How much will your retirement benefit be?
- Your benefit payment depends on how much you earned during your working career. Higher lifetime earnings result in higher benefits. If there were some years you didn’t work or had low earnings, your benefit amount may be lower than if you worked steadily. This is directly related to the amount of Social Security you have contributed. The age that you decide to retire also affects your benefit. You can choose early retirement, typically at age 62, which reduces the benefit you would get at your full retirement age. For example, Social Security suggests your benefits at early retirement would be about 25% lower than what you would receive at your full retirement age. You can also choose to work beyond your full retirement age. If you do, you can increase your future benefits. If you delay retirement, each year you work adds another year of earnings to your Social Security record and increases your lifetime earnings. By delaying retirement age until age 70, you are eligible for maximum benefits.
- The online Retirement Estimator provides an immediate and personalized retirement benefit estimate to help you plan for your retirement. The estimator will also let you create scenarios to compare retirement options and dates as well as expected future earnings.
- Note: If you face health conditions that require you to retire early, you may want to contact Social Security to determine eligibility for Social Security disability benefits.

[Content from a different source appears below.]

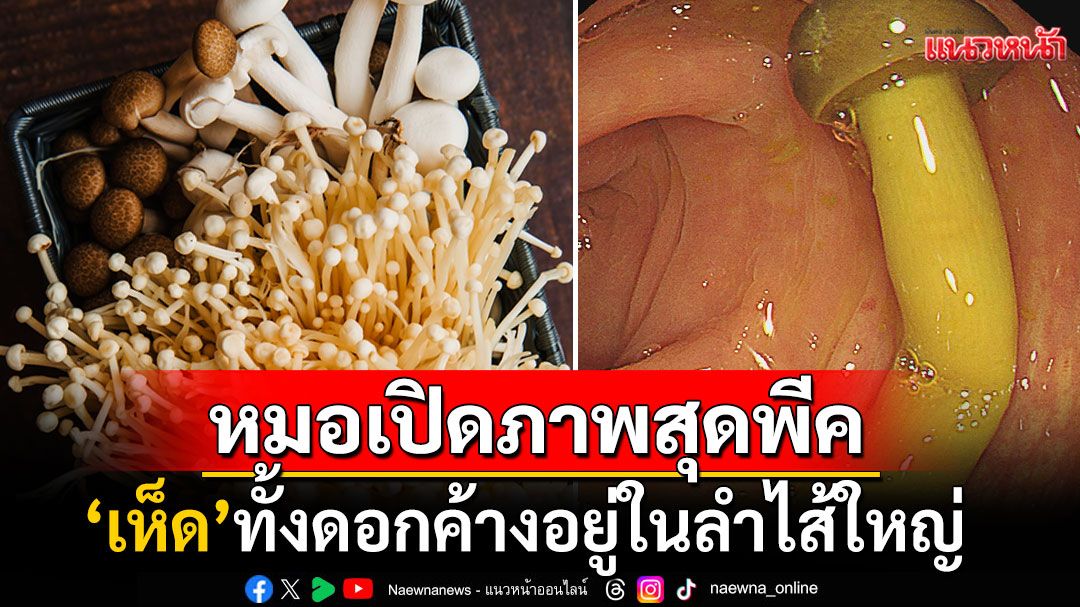 ชาวเน็ตอึ้ง! หมอแชร์ภาพสุดพีค'เห็ดทั้งดอก'ค้างในลำไส้ใหญ่ ตอกย้ำคนกินกับฉายา'เจอกันพรุ่งนี้'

How do I decide when to retire?
Choosing when to retire is an important, personal decision – based on your personal needs and lifestyle. Regardless of the age you retire, contact Social Security in advance to learn about your choices and options to ensure you make the best decision. Sometimes, your choice of a retirement month could mean higher benefit payments for you and your family.
Financial experts suggest you plan for 70-80% of your preretirement income to have a comfortable retirement. Social Security replaces about 40% of pre-retirement income for the average worker so savings from employer sponsored savings, pensions, personal savings, and investments are important. You may be wondering if you adequately planning and preparing; the Ballpark E$timate is an easy-to-use, interactive tool that helps you quickly identify approximately how much you need to save to fund your retirement. The Ballpark E$timate includes projected Social Security benefits and earnings assumptions on savings in an understandable way. Creating a long-term plan can help you plan for a solid financial future.
There are special considerations and benefits for widows, widowers, spouses (current and former), children, and disabled dependents. You need to talk to Social Security to understand how the rules may apply to your situation. Because of your personal considerations and circumstances, it’s important to contact Social Security to better understand options related to your benefits. For example, if you are divorced – and were married for more than 10 years – or have an unmarried child under 18, benefits may vary. These are just 2 examples of how benefits may change based on circumstances.
How do you apply for Social Security retirement benefits?
Depending on your circumstances, you will need some or all of the documents listed below:
- Your social security number
- Your birth certificate
- Your W2 forms or income tax return for last year
- Your military discharge papers (if applicable)
- Your spouse’s birth certificate and Social Security number if they are applying for benefits
- Your children’s birth certificate and Social Security number if you are applying for benefits
- If not born in the U.S., proof of citizenship
- Name, routing number, and account number of financial institution for direct deposit of monthly benefit
Will I have to pay taxes on the benefits?
About 40% of people who get Social Security have to pay income taxes on their benefits. At the end of each year, you will receive a Form SSA-1099 (similar to a W2) from the Social Security showing the amount of the benefits you received over the course of the year. You will use this form when you complete your income tax returns to find out if you must pay taxes on your benefits. While you may not be required to have Social Security withhold federal taxes, you may find it easier than paying quarterly estimated tax payments.
How might my benefits change?
If you get a pension from work for which you paid Social Security taxes, that pension won’t affect your Social Security benefits. However, if you get a pension from work not covered by Social Security – for example, the federal civil service, some state or local government employment, or work in a foreign country – your Social Security benefit may be reduced.
Understanding Social Security can help you be prepared when you retire.